The wise men traveled hundreds of miles by foot and camel across the desert to meet Jesus. They had spent years studying books and the stars of the night sky to determine when this special king would be born. These magi from the East probably came from the remnants of the Persian Empire, from somewhere in what would today be Iraq or Iran. Somehow they knew the prophecies of the Jews, perhaps through records from the days when Daniel and his friends served Nebuchadnezzar and Darius in Babylon. They were educated, wealthy men who left the comfort of their homes for a long and dangerous journey to a place they had never been. They brought expensive gifts for the newborn king and risked ridicule, imprisonment, or even death. They were visiting the notoriously evil current “king of Israel,” Herod the Great, to ask him where the real “King of the Jews” had been born. But none of that mattered to them. The wise men were truly wise because they had come to worship Jesus, and they would not be denied in their quest. Like the disciples of Christ that we read about in the rest of the gospel accounts and the book of Acts, these magi showed devotion to Jesus as the top priority in their lives. Follow their example today: Be wise and worship the King!
1 Now after Jesus was born in Bethlehem of Judea in the days of Herod the king, behold, wise men from the East came to Jerusalem, 2 saying, “Where is He who has been born King of the Jews? For we have seen His star in the East and have come to worship Him.”
3 When Herod the king heard this, he was troubled, and all Jerusalem with him. 4 And when he had gathered all the chief priests and scribes of the people together, he inquired of them where the Christ was to be born.
5 So they said to him, “In Bethlehem of Judea, for thus it is written by the prophet:
6 ‘But you, Bethlehem, in the land of Judah, Are not the least among the rulers of Judah; For out of you shall come a Ruler, Who will shepherd My people Israel.’”

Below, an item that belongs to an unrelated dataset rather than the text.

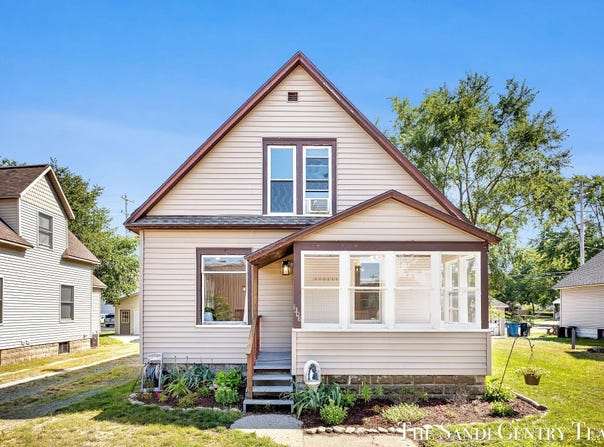 1308 Fulton Avenue, Grand Haven, MI 49417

7 Then Herod, when he had secretly called the wise men, determined from them what time the star appeared. 8 And he sent them to Bethlehem and said, “Go and search carefully for the young Child, and when you have found Him, bring back word to me, that I may come and worship Him also.” 9 When they heard the king, they departed; and behold, the star which they had seen in the East went before them, till it came and stood over where the young Child was. 10 When they saw the star, they rejoiced with exceedingly great joy. 11 And when they had come into the house, they saw the young Child with Mary His mother, and fell down and worshiped Him. And when they had opened their treasures, they presented gifts to Him: gold, frankincense, and myrrh. 12 Then, being divinely warned in a dream that they should not return to Herod, they departed for their own country another way.
Questions to Think About
- Do you enjoy worshipping God at church, chapel, and other places? Why or why not?

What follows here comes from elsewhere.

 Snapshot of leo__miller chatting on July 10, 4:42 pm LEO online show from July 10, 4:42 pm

- What have you given up in the past year so that you could worship Jesus better and more? How do you now view these “sacrifices” that you made compared to the “exceedingly great joy” (verse 10) of knowing Christ more deeply?
- Are there any changes that God might be calling you to make in your life in the next year to help you experience a closer walk with Jesus?
- There might have been more three “wise men;” the Bible doesn’t give us a number and we often guess it was three because today’s passage mentions three gifts: gold, frankincense, and myrrh (one gift in each guy’s hand in the classic nativity scene). Also, notice that these magi visit Joseph, Mary, and “the young child” Jesus in a house, not the stables of the inn. It appears that a few months have passed since Jesus was a baby lying in a manger. He is now sweet little toddler Jesus!
- It is interesting and sad to note that the religious leaders of Israel knew the prophecies about Jesus better than the magi, yet they would not travel the short distance to Bethlehem themselves. Look at the irony. These foreign magi were willing to journey hundreds of miles from their homeland to simply follow a supernatural star and meet another nation’s ruler, while these Jewish experts in the law would not go six miles to see their own King. We sometimes see non-church attending students who are brand-new to our Christian school and the gospel become more excited about loving and serving Jesus than others who have been around the things of God all their lives. Worship has always been a matter of heartfelt devotion to God, not just time spent in physical closeness to His people and His Word.